The Prime Minister met the French president in Paris on Thursday to win French support for his relations reset with the EU and to “turn the corner” on Brexit.
Mr Macron’s support will be vital in building political will behind the next generation of Brexit talks and to foster closer British ties with the bloc. But Sir Keir should remember that the avowedly pro-EU Mr Macron was the “bad cop” in Brussels during the first Brexit negotiations.
The Prime Minister received a warm welcome from Mr Macron in the latest of a string of meetings aimed at rebooting Anglo-French relations. It was in stark contrast to his attitude towards Boris Johnson, who Mr Macron reportedly derided as a “clown” when the relationship between Paris and London was badly strained.
Sir Keir invested time and effort in building bridges with Mr Macron before his election victory. Such assiduous courting could pay dividends if Mr Macron puts pressure on the European Commission to negotiate a more advantageous trade deal.
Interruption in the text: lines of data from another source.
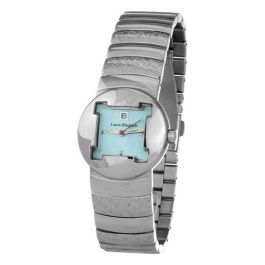 Reloj Mujer Laura Biagiotti LB0050 Precio: 21.49999995. SKU: S0334913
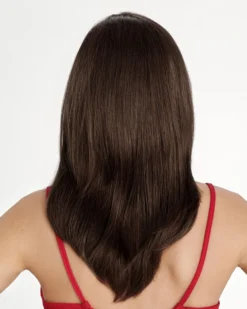 Soho Chic | Lace Front Synthetic Wig By Louis Ferre 8 Soho Chic | Lace Front Synthetic Wig By Louis Ferre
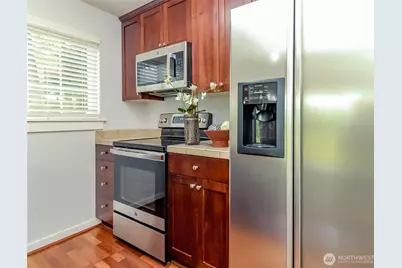 1830 S 284th Lane #G104, Federal Way, WA 98003 - Photo 11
That would, however, be a volte-face from Paris, which consistently pushed for the toughest stance from the commission during the painful years-long talks taking the UK out of the EU.
Mr Macron and his allies rarely missed an opportunity to pour scorn on Brexit and decry its failures, branding it an “intellectual fraud” based on “many lies”.
Marine Le Pen, the leader of the hard-Right National Rally who once called for a Frexit referendum and cheered Brexit, was Mr Macron’s true target.
Mr Macron wanted Britain to serve as a warning of what could happen to France if it chose Ms Le Pen over him as president in the 2022 elections.
It is no coincidence that the Anglo-French detente did not begin until after Mr Macron won his second term in a vote in which he accused Ms Le Pen of planning “Frexit by stealth”.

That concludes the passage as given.